Kamis, 25 April 2013

Konflik Pekerja-Pengusaha


Konflik Pekerja-Pengusaha
Irwan Hidayat ;  Presdir PT Sidomuncul Semarang
SUARA KARYA, 24 April 2013


Bertemunya dua kepentingan yang berbeda antara buruh dan pengusaha terkadang mengakibatkan konflik di antara kedua pihak. Di satu sisi, para pengusaha berusaha memaksimalkan keuntungannya, sementara di sisi lain buruh menginginkan perbaikan upah serta kondisi kerja yang nyaman. Ketika buruh menganggap bahwa upah yang diterimanya dirasa tidak sepadan dengan tenaga yang mereka keluarkan ataupun tidak dapat mencukupi kebutuhan hidup, maka ketegangan antara buruh dan pengusaha tidak dapat dihindarkan.

Untuk mengeliminasi agar konflik tidak muncul ke permukaan, diperlukan kebijakan dari manajemen perusahaan dalam mengakomodasi kepentingan-kepentingan buruh. Prinsip harmonisasi antara pengusaha dan buruh perlu dijunjung tinggi untuk mengatasi berbagai konflik yang terjadi.

Ada solusi elegan yang barangkali bisa ditawarkan untuk mengatasi persoalan antara pekerja dan pengusaha. Intinya, kedua pihak harus sadar untuk saling memahami posisi masing-masing. Bagi pengusaha, dasar kenaikan upah bisa dibangun dengan menggunakan benchmark (pembanding) yang setara, misalnya, dengan menggunakan standar upah pekerja di negara lain, seperti Vietnam, China atau negara lainnya yang tepat, yang bisa dijadikan ukuran dalam pengajuan upah minimum regional (UMR) mereka di Indonesia.
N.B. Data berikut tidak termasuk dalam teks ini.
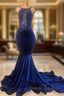 Chic Mermaid Spahgetti-Straps Openback Velvet Applique Prom Party Gowns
Dengan pembanding yang tepat, akan didapatkan komposisi upah yang lebih ideal. Pengalaman praksis sebagai pengusaha ketika harus membayar lebih mahal upah bagi pekerjanya sejatinya tidak menjadi masalah sepanjang angkanya realistis dengan pembanding yang ada.

Soal standardisasi upah untuk semua perusahaan kiranya perlu diselaraskan dengan kondisi perusahaan yang ada mengingat jenis usaha dan kemampuan yang berbeda. Misalnya, antara perusahaan yang padat karya dan industri yang padat modal, perlakuan antara kedua jenis industri itu tentu sangat berbeda.

Yang terpenting, semua pihak perlu menjaga agar iklim usaha tetap kondusif. Jika pengusaha dan pekerja saling memahami, rasanya aksi demonstrasi yang akhirnya berujung pada pemogokan kerja tidak akan terjadi. Bukankah dengan iklim usaha yang kondusif, semua pihak akan memetik manfaat positifnya? Selain ekonomi tumbuh baik, investor merasa hommy, lapangan kerja terbuka dan peningkatan upah terjadi dengan sendirinya seiring berlakunya keseimbangan hukum ekonomi supply dan demand.

Barangkali para pimpinan serikat pekerja perlu diberi ruang yang luas untuk berkomunikasi secara tulus, tanpa hidden agenda (agenda tersembunyi) untuk kepentingan tertentu. Pihak manajemen perlu memberikan gambaran riil tentang perkembangan dan kondisi perusahaan. Di lain pihak, pekerja diharapkan bisa memahami kondisi perusahaan. Melalui komunikasi yang diliputi rasa saling kepercayaan macam ini, upah pekerja secara proporsional pun bisa diberikan oleh pengusaha hingga diperoleh win win solution yang saling menguntungkan kedua belah pihak.

Dalam hal ini, pimpinan serikat pekerja harus bisa memahami pula bahwa upah yang terlalu mahal akan menyebabkan kemandekan pertumbuhan ekonomi karena pada akhirnya akan menjadi cost perusahaan. Di sisi lain, pengusaha tidak boleh berlaku otoriter menerapkan upah murah secara semena-mena. Harus disadari bahwa bukankah segala sesuatu yang murah, sudah pasti tidak akan efisien?